**Directions**
The whole of the data, every line, should come back exactly the same.

Dataset excerpts
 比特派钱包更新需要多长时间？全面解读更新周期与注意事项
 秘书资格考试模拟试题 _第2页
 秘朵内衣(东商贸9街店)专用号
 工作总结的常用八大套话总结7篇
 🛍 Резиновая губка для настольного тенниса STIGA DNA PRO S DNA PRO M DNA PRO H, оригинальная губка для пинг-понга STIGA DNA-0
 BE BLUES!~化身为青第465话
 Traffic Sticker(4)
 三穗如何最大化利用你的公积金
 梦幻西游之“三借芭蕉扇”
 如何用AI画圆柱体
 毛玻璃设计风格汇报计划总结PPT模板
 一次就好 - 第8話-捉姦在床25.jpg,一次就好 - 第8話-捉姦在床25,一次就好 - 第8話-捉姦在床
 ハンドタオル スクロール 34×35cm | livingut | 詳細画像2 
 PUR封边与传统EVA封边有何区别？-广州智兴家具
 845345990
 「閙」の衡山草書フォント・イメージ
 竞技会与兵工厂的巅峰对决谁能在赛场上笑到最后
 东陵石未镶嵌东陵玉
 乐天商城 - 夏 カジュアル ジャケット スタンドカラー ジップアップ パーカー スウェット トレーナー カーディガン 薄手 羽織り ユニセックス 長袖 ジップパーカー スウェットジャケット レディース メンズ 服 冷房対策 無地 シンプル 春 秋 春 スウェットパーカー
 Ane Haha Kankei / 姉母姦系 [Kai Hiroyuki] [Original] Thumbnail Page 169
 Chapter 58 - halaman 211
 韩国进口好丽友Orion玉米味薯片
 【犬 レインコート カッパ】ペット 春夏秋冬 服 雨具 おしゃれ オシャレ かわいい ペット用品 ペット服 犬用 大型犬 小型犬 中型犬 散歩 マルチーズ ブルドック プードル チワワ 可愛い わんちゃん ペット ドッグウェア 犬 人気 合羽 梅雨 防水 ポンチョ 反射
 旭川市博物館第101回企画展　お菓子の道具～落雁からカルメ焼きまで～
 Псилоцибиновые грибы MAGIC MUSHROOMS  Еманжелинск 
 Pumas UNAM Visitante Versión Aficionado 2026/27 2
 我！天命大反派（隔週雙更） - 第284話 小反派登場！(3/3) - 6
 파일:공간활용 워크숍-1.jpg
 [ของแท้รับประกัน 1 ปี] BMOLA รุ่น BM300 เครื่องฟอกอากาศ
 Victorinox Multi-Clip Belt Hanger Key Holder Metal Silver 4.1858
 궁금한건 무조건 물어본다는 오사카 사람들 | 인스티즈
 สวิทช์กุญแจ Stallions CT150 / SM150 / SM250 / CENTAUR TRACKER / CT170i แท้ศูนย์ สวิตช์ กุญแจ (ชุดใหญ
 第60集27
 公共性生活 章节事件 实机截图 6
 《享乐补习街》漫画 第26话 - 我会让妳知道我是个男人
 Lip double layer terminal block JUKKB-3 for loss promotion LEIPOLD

**Answer**
 比特派钱包更新需要多长时间？全面解读更新周期与注意事项
 秘书资格考试模拟试题 _第2页
 秘朵内衣(东商贸9街店)专用号
 工作总结的常用八大套话总结7篇
 🛍 Резиновая губка для настольного тенниса STIGA DNA PRO S DNA PRO M DNA PRO H, оригинальная губка для пинг-понга STIGA DNA-0
 BE BLUES!~化身为青第465话
 Traffic Sticker(4)
 三穗如何最大化利用你的公积金
 梦幻西游之“三借芭蕉扇”
 如何用AI画圆柱体
 毛玻璃设计风格汇报计划总结PPT模板
 一次就好 - 第8話-捉姦在床25.jpg,一次就好 - 第8話-捉姦在床25,一次就好 - 第8話-捉姦在床
 ハンドタオル スクロール 34×35cm | livingut | 詳細画像2 
 PUR封边与传统EVA封边有何区别？-广州智兴家具
 845345990
 「閙」の衡山草書フォント・イメージ
 竞技会与兵工厂的巅峰对决谁能在赛场上笑到最后
 东陵石未镶嵌东陵玉
 乐天商城 - 夏 カジュアル ジャケット スタンドカラー ジップアップ パーカー スウェット トレーナー カーディガン 薄手 羽織り ユニセックス 長袖 ジップパーカー スウェットジャケット レディース メンズ 服 冷房対策 無地 シンプル 春 秋 春 スウェットパーカー
 Ane Haha Kankei / 姉母姦系 [Kai Hiroyuki] [Original] Thumbnail Page 169
 Chapter 58 - halaman 211
 韩国进口好丽友Orion玉米味薯片
 【犬 レインコート カッパ】ペット 春夏秋冬 服 雨具 おしゃれ オシャレ かわいい ペット用品 ペット服 犬用 大型犬 小型犬 中型犬 散歩 マルチーズ ブルドック プードル チワワ 可愛い わんちゃん ペット ドッグウェア 犬 人気 合羽 梅雨 防水 ポンチョ 反射
 旭川市博物館第101回企画展　お菓子の道具～落雁からカルメ焼きまで～
 Псилоцибиновые грибы MAGIC MUSHROOMS  Еманжелинск 
 Pumas UNAM Visitante Versión Aficionado 2026/27 2
 我！天命大反派（隔週雙更） - 第284話 小反派登場！(3/3) - 6
 파일:공간활용 워크숍-1.jpg
 [ของแท้รับประกัน 1 ปี] BMOLA รุ่น BM300 เครื่องฟอกอากาศ
 Victorinox Multi-Clip Belt Hanger Key Holder Metal Silver 4.1858
 궁금한건 무조건 물어본다는 오사카 사람들 | 인스티즈
 สวิทช์กุญแจ Stallions CT150 / SM150 / SM250 / CENTAUR TRACKER / CT170i แท้ศูนย์ สวิตช์ กุญแจ (ชุดใหญ
 第60集27
 公共性生活 章节事件 实机截图 6
 《享乐补习街》漫画 第26话 - 我会让妳知道我是个男人
 Lip double layer terminal block JUKKB-3 for loss promotion LEIPOLD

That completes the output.